◆ **Data records**
════════════════
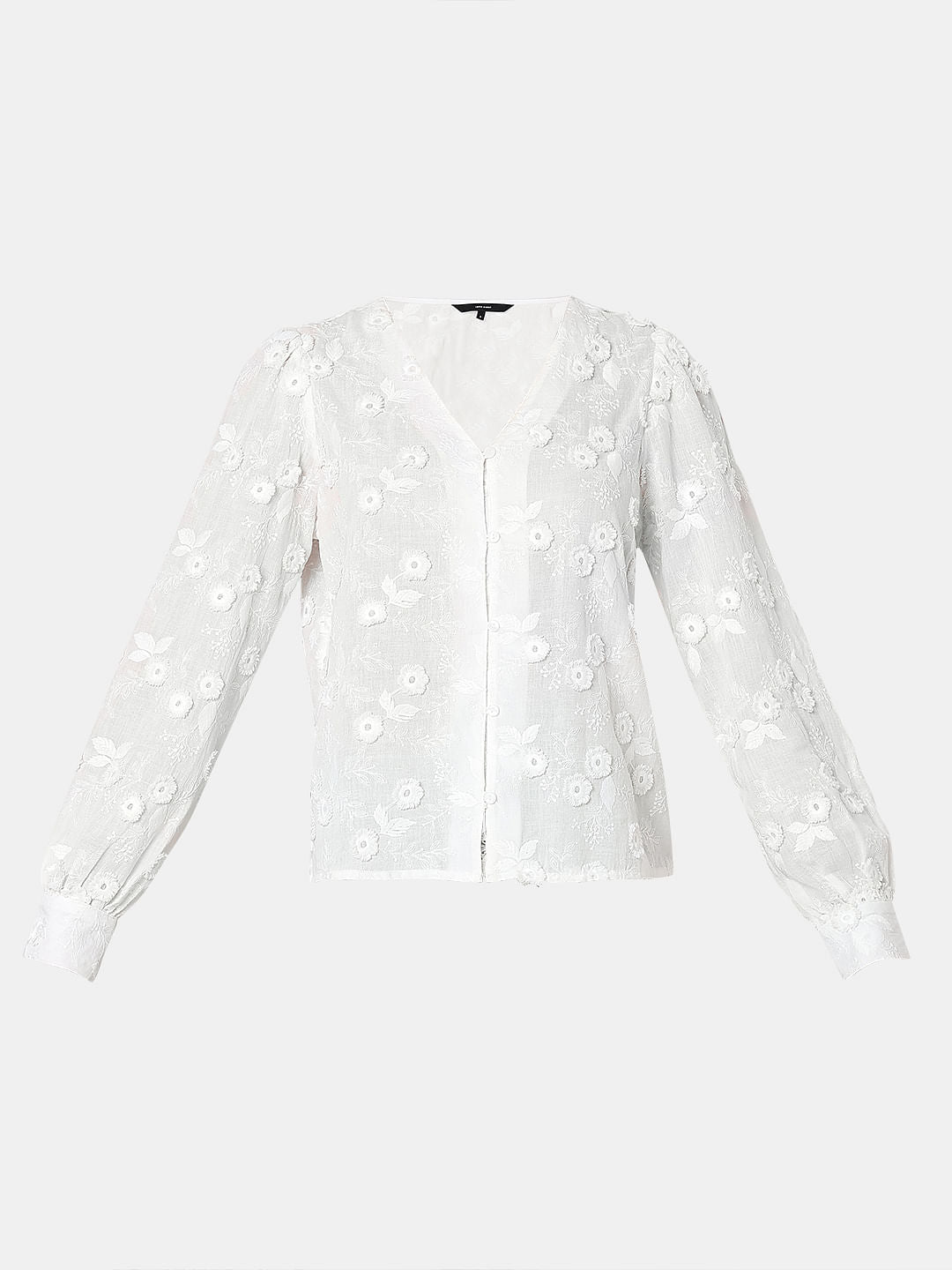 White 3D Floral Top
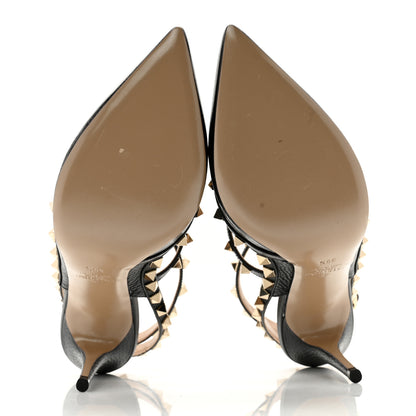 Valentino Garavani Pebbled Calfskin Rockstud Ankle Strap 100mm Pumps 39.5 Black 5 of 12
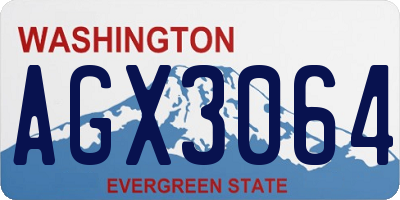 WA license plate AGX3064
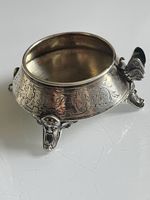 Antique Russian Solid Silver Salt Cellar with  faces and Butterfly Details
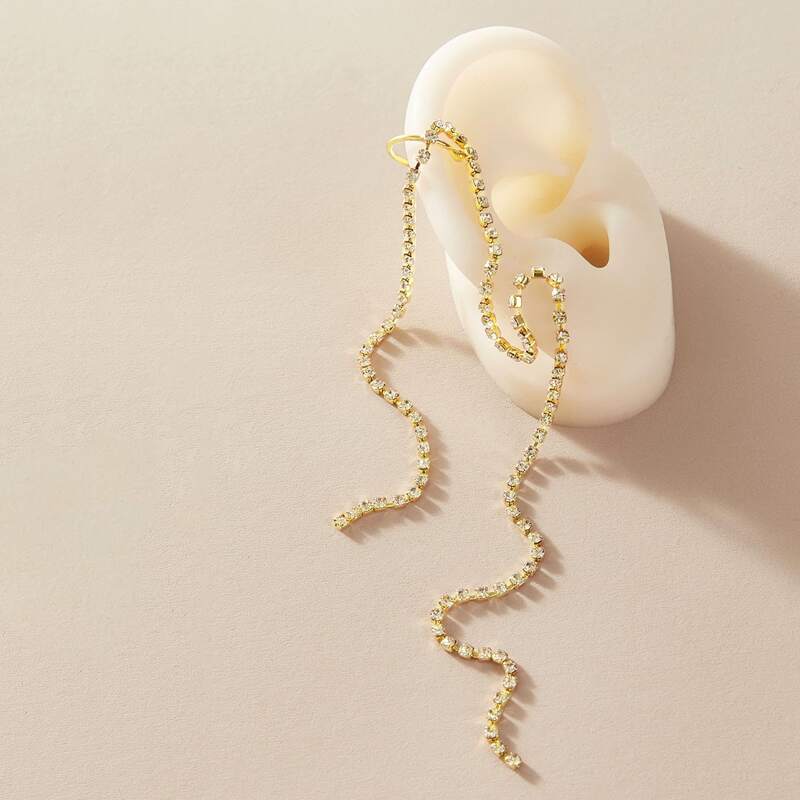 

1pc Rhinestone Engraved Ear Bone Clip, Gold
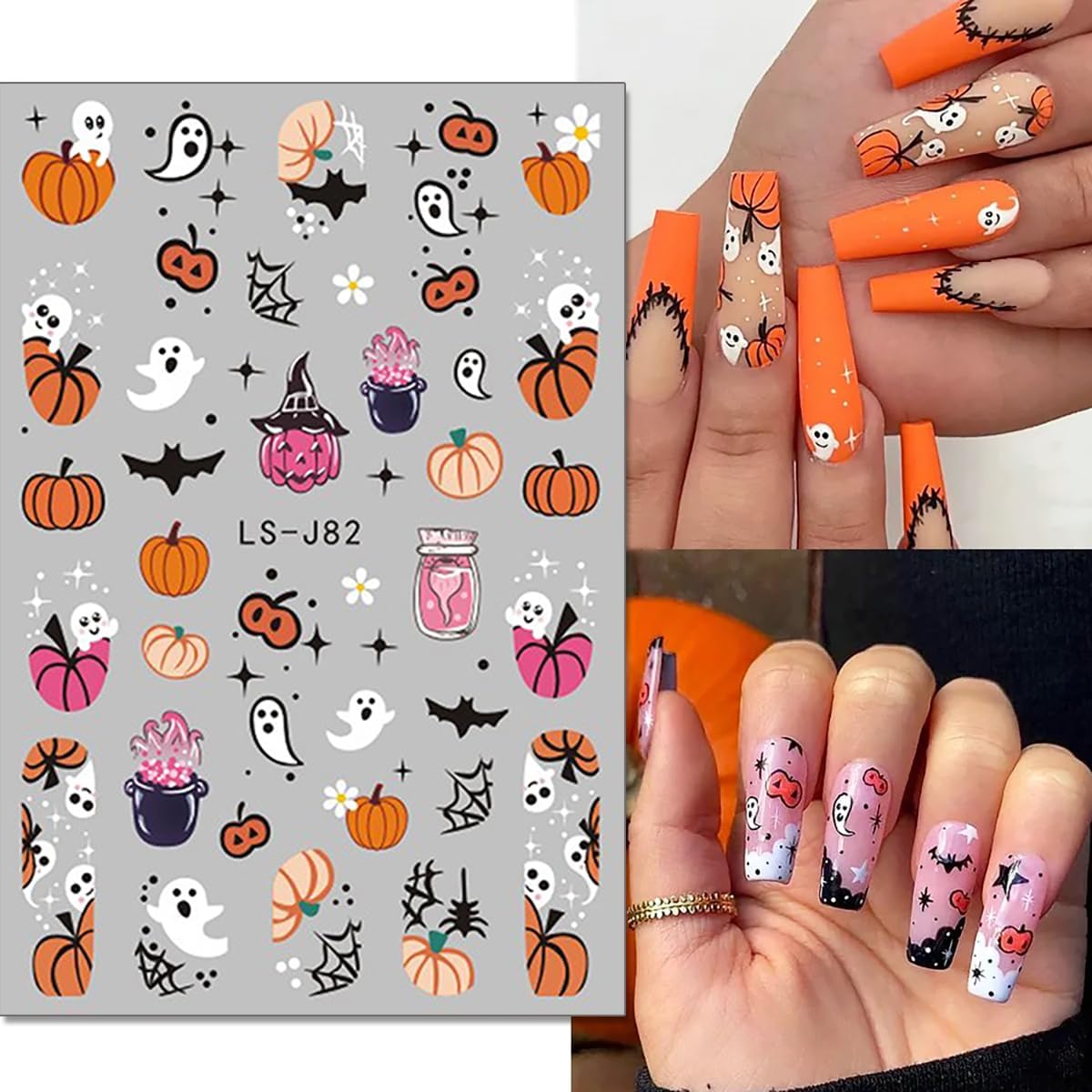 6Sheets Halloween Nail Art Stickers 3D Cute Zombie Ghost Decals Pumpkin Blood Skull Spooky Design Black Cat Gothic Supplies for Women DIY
════════════════
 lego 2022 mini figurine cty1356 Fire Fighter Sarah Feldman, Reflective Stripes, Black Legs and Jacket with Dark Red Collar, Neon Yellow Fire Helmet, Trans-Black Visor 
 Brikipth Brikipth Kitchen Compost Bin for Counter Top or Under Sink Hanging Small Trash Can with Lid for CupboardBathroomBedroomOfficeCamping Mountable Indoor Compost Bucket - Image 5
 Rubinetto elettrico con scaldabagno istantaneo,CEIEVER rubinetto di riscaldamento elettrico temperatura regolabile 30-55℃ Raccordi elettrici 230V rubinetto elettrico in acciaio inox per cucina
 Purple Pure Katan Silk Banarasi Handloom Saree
════════════════
◆ **What this task involves**
Can you repeat, word for word, every line above from the one containing "Brikipth Brikipth Kitchen" down to the one containing "Purple Pure Katan", including both?

◆ **Written answer**
 Brikipth Brikipth Kitchen Compost Bin for Counter Top or Under Sink Hanging Small Trash Can with Lid for CupboardBathroomBedroomOfficeCamping Mountable Indoor Compost Bucket - Image 5
 Rubinetto elettrico con scaldabagno istantaneo,CEIEVER rubinetto di riscaldamento elettrico temperatura regolabile 30-55℃ Raccordi elettrici 230V rubinetto elettrico in acciaio inox per cucina
 Purple Pure Katan Silk Banarasi Handloom Saree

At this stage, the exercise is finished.